To tan or not to tan: that is the question, and the answer is obvious. (To tan, duh.)
Whether basking in the summer rays or taking a 12 minute holiday, it seems a golden glow is the most coveted shade of birthday suit.
However, where for many a sun kissed glow is the goal, come winter or summer, the general understanding of how best to attain the perfect bronze is unclear.
"Should I wear an SPF if I tan indoors?"
"I know it says this is for indoor tanning, but can I use this instead of an SPF in the summer? I want to tan quickly."
SPFs and indoor tanning lotions have completely different properties and purposes... it's time we understand their differences and when best to use them!
SPFs are self explanatory and their predominant use is common knowledge. As Sun Protection Factors, they protect your skin from UV radiation by acting as a barrier between the sun's rays and your skin, ensuring UV exposure is limited, and protecting you from overexposure and burning.
This works differently depending on the type of sun cream:
Our line of mineral sun protection act as a barrier on the skin. As it is applied on the skin, the natural UV filters reflect UV rays, preventing overexposure and burning.
Classic sun cream
Our line of classic sun cream creates a chemical reaction in the surface layer of the skin. Unlike mineral sun protection, our classic sun creams absorb the UV rays, and then expel the energy as heat, combatting the overexposure and burning risk.
However, did you know that sun cream not only works as sun protection? It also helps with:
- Year round protection to prevent damage from not only the sun, but the wind, rain and snow too.
- Acting as a barrier on the skin, to protect from daily pollution and environmental stressors
There is only one place where SPFs shouldn't be used. It is sometimes believed SPF should be used on a sunbed. However, as time spent on a bed is limited, and the UV exposure is controlled, as long as you follow salon staff's recommendations and don't spend too long tanning for your skin type, burning is a lot less likely.
Plus, with 0.3 regulations in place, sunbeds are unable to emit more powerful UV irradiation than the midday Mediterranean sun. So, bearing in mind the limited time spent on a bed, applying SPF lotions will do nothing but block the rays that you have gone onto a sunbed to absorb, meaning that you will not gain any tan. They can also be harmful to the tanning bed and damage the acrylics, as SPFs are not designed for indoor tanning.

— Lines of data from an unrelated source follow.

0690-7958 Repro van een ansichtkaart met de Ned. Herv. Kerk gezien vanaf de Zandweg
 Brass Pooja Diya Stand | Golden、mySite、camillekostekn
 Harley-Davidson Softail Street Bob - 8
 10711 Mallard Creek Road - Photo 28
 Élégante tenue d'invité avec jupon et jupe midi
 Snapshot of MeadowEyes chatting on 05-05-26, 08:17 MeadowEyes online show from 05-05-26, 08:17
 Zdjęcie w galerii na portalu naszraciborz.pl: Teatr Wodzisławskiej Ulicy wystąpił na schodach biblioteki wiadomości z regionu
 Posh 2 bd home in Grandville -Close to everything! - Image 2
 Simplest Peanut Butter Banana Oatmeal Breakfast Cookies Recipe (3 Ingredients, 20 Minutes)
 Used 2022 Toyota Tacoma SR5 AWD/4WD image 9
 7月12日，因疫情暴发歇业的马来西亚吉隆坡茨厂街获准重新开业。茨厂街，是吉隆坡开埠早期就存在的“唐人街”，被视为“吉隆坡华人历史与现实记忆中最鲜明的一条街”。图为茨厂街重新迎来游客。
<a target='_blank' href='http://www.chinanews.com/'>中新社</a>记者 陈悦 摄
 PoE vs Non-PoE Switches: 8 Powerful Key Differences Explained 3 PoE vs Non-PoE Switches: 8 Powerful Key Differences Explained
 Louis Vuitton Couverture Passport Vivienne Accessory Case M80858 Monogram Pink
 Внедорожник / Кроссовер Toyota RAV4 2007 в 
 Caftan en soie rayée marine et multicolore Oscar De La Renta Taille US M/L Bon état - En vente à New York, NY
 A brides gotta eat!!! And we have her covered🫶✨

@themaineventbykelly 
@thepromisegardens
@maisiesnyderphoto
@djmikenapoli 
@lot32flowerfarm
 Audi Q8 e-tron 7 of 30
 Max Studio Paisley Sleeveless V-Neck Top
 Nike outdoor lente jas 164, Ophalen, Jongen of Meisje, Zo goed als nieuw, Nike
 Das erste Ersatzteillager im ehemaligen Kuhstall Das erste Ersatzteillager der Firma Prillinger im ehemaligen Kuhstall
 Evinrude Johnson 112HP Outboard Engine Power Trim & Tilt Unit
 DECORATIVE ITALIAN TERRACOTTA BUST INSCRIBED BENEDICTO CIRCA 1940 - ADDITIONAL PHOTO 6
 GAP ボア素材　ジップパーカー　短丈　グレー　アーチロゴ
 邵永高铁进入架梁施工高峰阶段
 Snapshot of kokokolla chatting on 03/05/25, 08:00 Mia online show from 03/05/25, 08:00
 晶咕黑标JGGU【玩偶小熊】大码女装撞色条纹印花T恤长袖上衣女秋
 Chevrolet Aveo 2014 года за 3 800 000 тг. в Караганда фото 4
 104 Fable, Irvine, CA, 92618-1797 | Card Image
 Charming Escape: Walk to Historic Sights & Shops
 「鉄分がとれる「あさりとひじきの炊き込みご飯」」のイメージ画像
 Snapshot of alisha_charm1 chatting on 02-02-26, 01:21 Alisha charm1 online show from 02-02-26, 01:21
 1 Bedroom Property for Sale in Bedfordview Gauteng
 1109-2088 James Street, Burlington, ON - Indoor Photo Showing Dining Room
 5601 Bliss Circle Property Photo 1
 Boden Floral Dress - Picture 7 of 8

The only times sun protection should be used on a sunbed is on the below specific areas:
Overall, when spending time outdoors, no matter the time of year SPFs are brilliant skin protection. However their domaine is for outdoor use.
Tanning lotions help build a fantastic tan when used correctly. They stimulate the skin's melanin production, allowing for a deeper, more developed tan. Lotions also keep skin nourished and moisturised whilst tanning, ensuring skin stays in the best condition possible - Healthy, hydrated skin is the quickest way to a golden tan.
These lotions typically contain a lovely blend of vitamins, natural oils, minerals, antioxidants, natural botanical extracts, and aloe vera, alongside natural colour-boosting ingredients. All of this will give your skin the extra moisture needed to achieve a deeper tan that will last longer than a tan developed on dry, dull skin. Plus, dry skin reflects UV light, wasting up to 50% of your tanning session by not allowing UV to work with your melanin.
Unlike sun cream, tanning lotions do not contain any sun protection. Therefore, although they can be used on their own on a sunbed, if used outdoors, they MUST be layered with sun cream:
- Apply your SPF 20 minutes before sun exposure
- Layer your tanning lotion immediately before UV exposure
- Reapply both every two hours as a minimum. This frequency should be increased if swimming, sweating or towel drying.